Chulla vida nos dan. Yo elijo darle lugar a la mayor parte del transcurso que le queda a la mía aquí, poniendo énfasis en que sea aquí donde transcurran los minutos de tiempo extra que el árbitro, si aún no ha muerto, me conceda. Sobre todo quiero oír únicamente aquí el pitazo final.
Cómo no vivir en una ciudad que es tan descarada como para tener una Virgen como madre. Ella, como todas ellas, unas veces llora discretamente en dos dimensiones sus siete puñales y otras, baila desenfrenada en tres. Así se hizo gigante, mostrando su faz a una parte de sus pobladores y sus generosos movimientos traseros a otra.
Es que quienes la ven de frente y quienes la ven desde atrás tienen sus diferencias. Conviven y edifican de modos distintos y aún así hablan igual. Pero también tienen sus particularidades quienes la ven desde abajo que también hablan igual.

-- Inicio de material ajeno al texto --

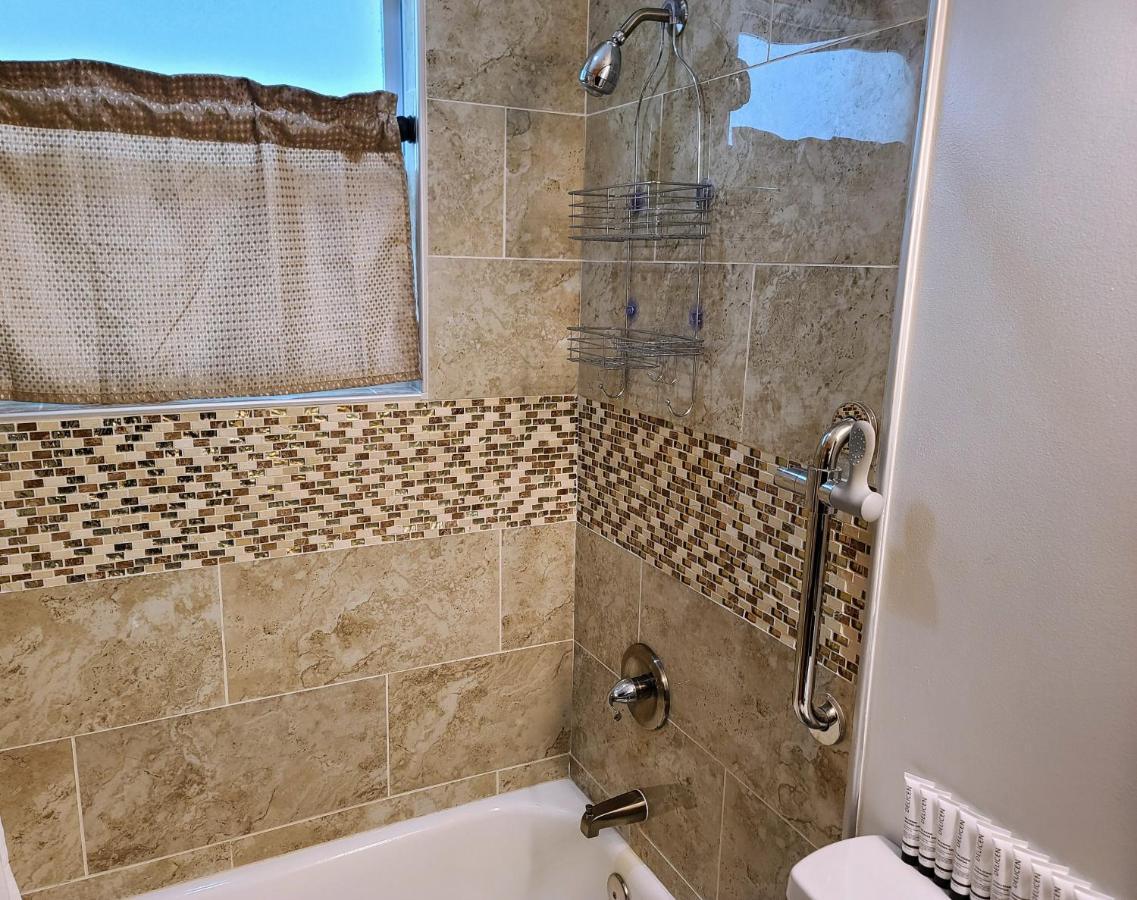 Stylish Suite Tampa Minutes To Hard Rock Casino Mango Екстериор снимка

Son como tres ciudades. Pero en cada una hay un sinnúmero de distancias y altitudes, de ángulos para verla en otras geografías imposibles. Hay más ciudades, pero en todas se habla igual.
Pero no es solo el vector del punto de vista lo que cambia. Se la ve diferente, aún siendo la misma gigantesca y metálica bailarina, según el color del iris que recibe la imagen. Diferente e igual. Así debe ser, excluyendo, claro está, el grosero desequilibrio social.
Se convierte en una desagradable progresión geométrica muy agradable, tan fauno diversa como la que se tiene a las espaldas si se está viendo hacia el Pichincha o como la que se encuentra si se lo remonta. Cómo no se ha de vivir en una mil ciudades. Y morir una y mil veces allí.